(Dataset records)
=-=-=-=-=

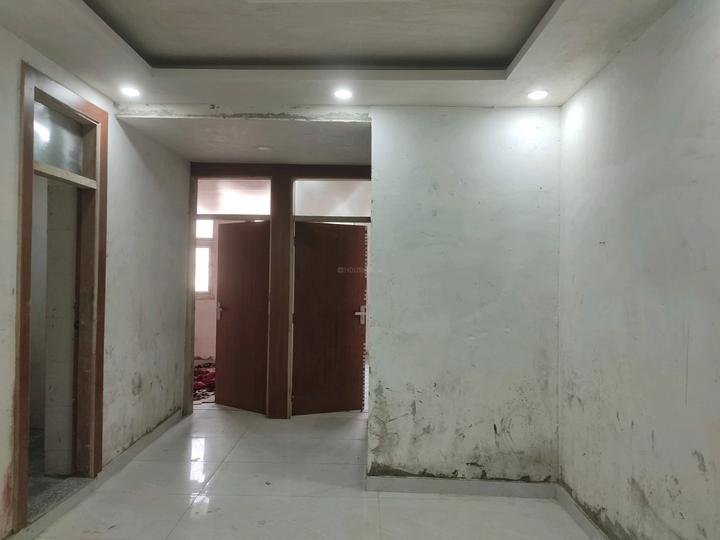 Rose Apartment Main Image 1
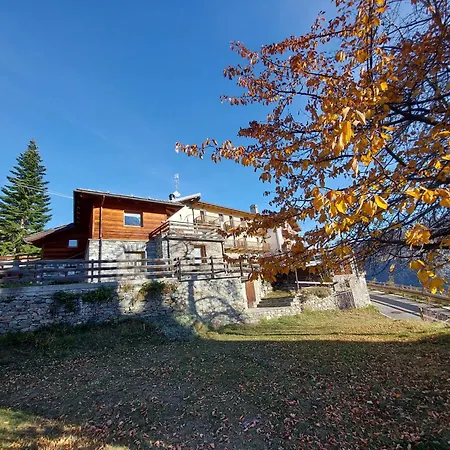 Maison Lo For - Casa Indipendente * Torgnon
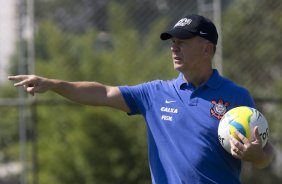 Durante o treino desta manh no CT Joaquim Grava, zona leste de So Paulo. O prximo jogo da equipe ser domingo, contra a Ponte Preta, no estdio Moiss Lucarelli, em Campinas, jogo vlido pela quinta rodada do Campeonato Paulista 2014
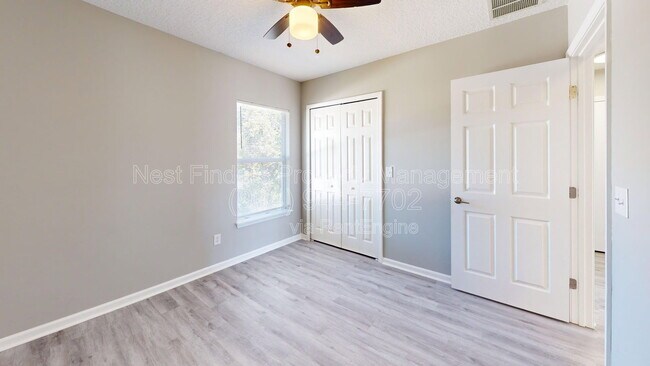 Building Photo - 12383 Tropic Dr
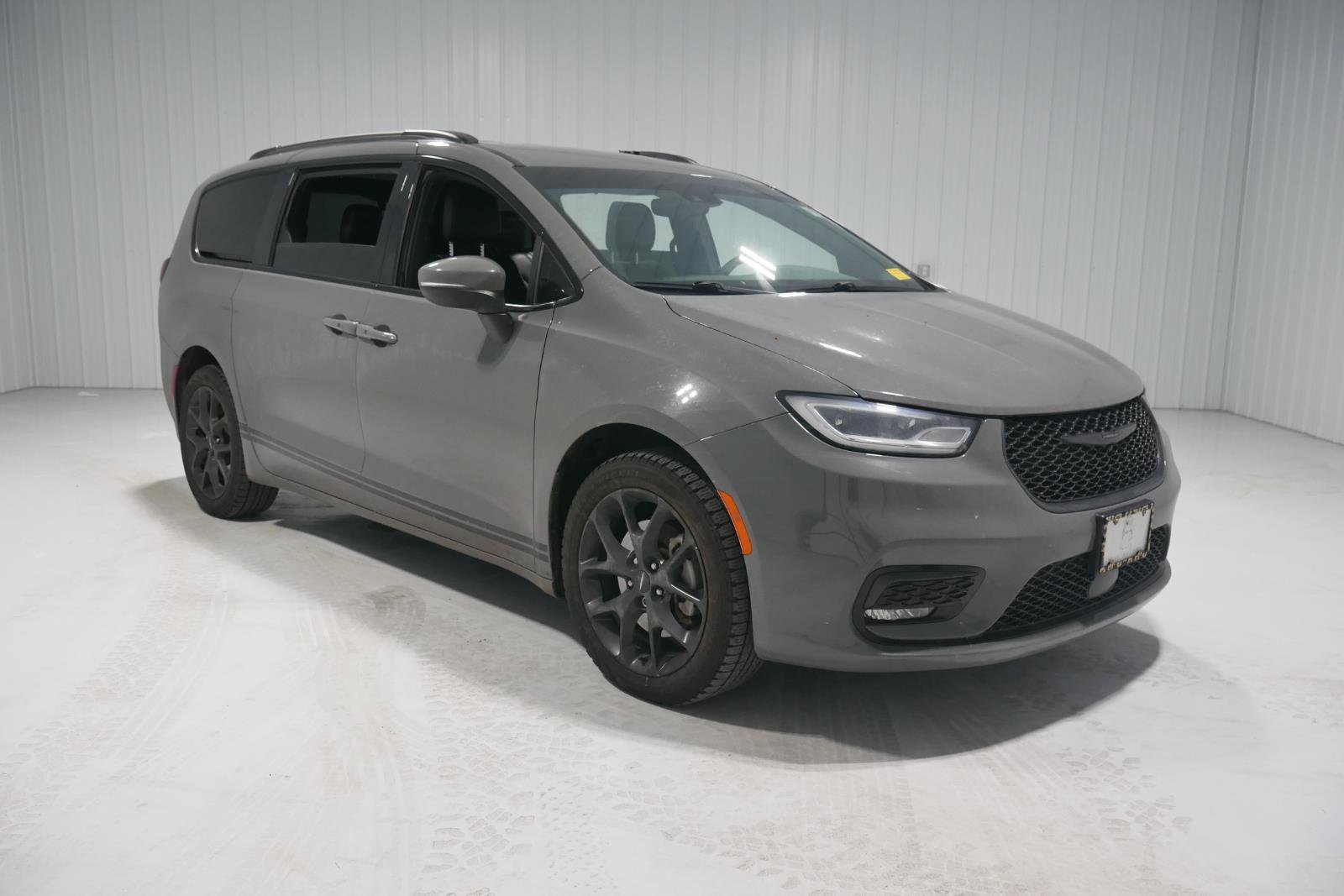 Used 2023 Chrysler Pacifica Touring-L w/ S Appearance Package image 3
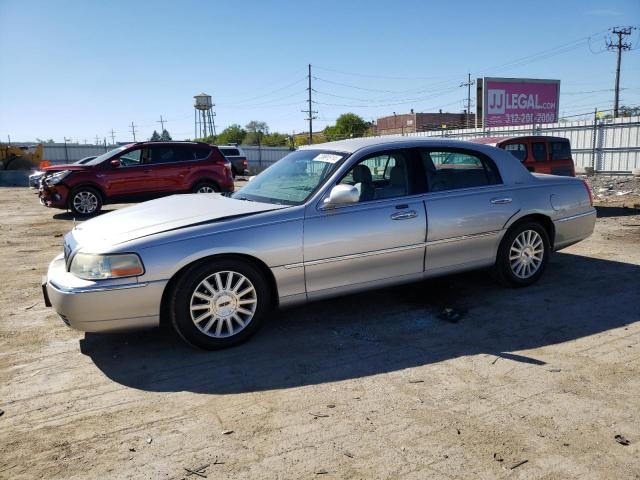 1LNHM81W53Y706827 - 2003 LINCOLN TOWN CAR EXECUTIVE SILVER photo 1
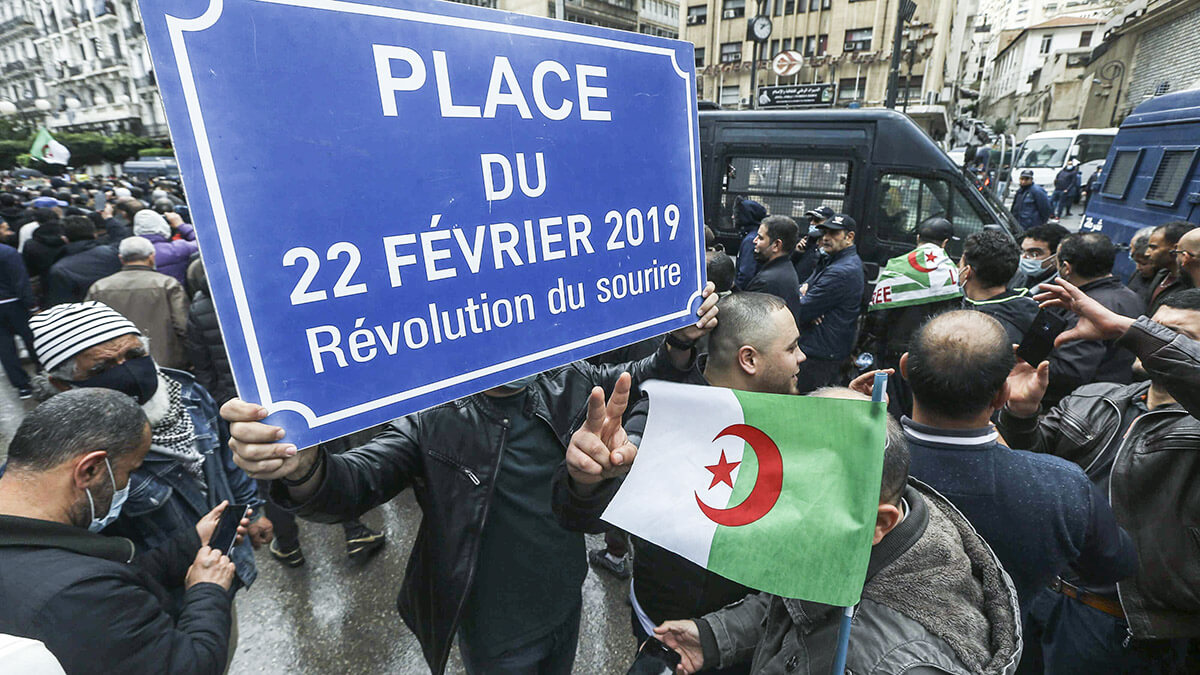 Los argelinos se manifiestan en Argel, uno con una placa que dice Plaza del 22 de febrero de 2019, la Revolución sonriente para conmemorar el segundo aniversario del movimiento Hirak, el lunes 22 de febrero de 2021<br />
AP/ANIS BELGHOUL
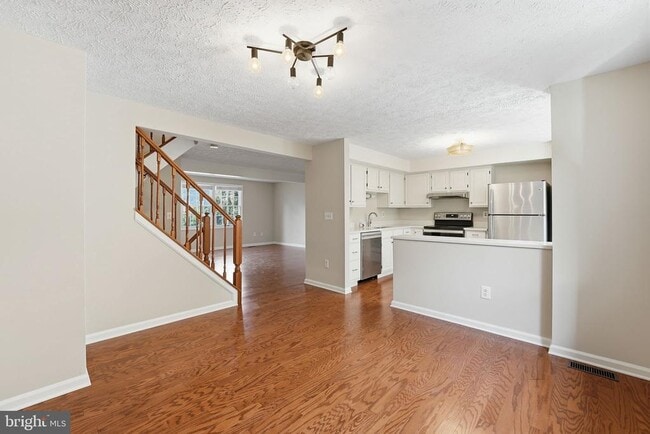 Building Photo - 1118 Casper Dr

=-=-=-=-=

** Your assignment **
Pictures must be left out when the records are transcribed exactly.

** Answer section **
 Rose Apartment Main Image 1
 Maison Lo For - Casa Indipendente * Torgnon
 Durante o treino desta manh no CT Joaquim Grava, zona leste de So Paulo. O prximo jogo da equipe ser domingo, contra a Ponte Preta, no estdio Moiss Lucarelli, em Campinas, jogo vlido pela quinta rodada do Campeonato Paulista 2014
 Building Photo - 12383 Tropic Dr
 Used 2023 Chrysler Pacifica Touring-L w/ S Appearance Package image 3
 1LNHM81W53Y706827 - 2003 LINCOLN TOWN CAR EXECUTIVE SILVER photo 1
 Los argelinos se manifiestan en Argel, uno con una placa que dice Plaza del 22 de febrero de 2019, la Revolución sonriente para conmemorar el segundo aniversario del movimiento Hirak, el lunes 22 de febrero de 2021<br />
AP/ANIS BELGHOUL
 Building Photo - 1118 Casper Dr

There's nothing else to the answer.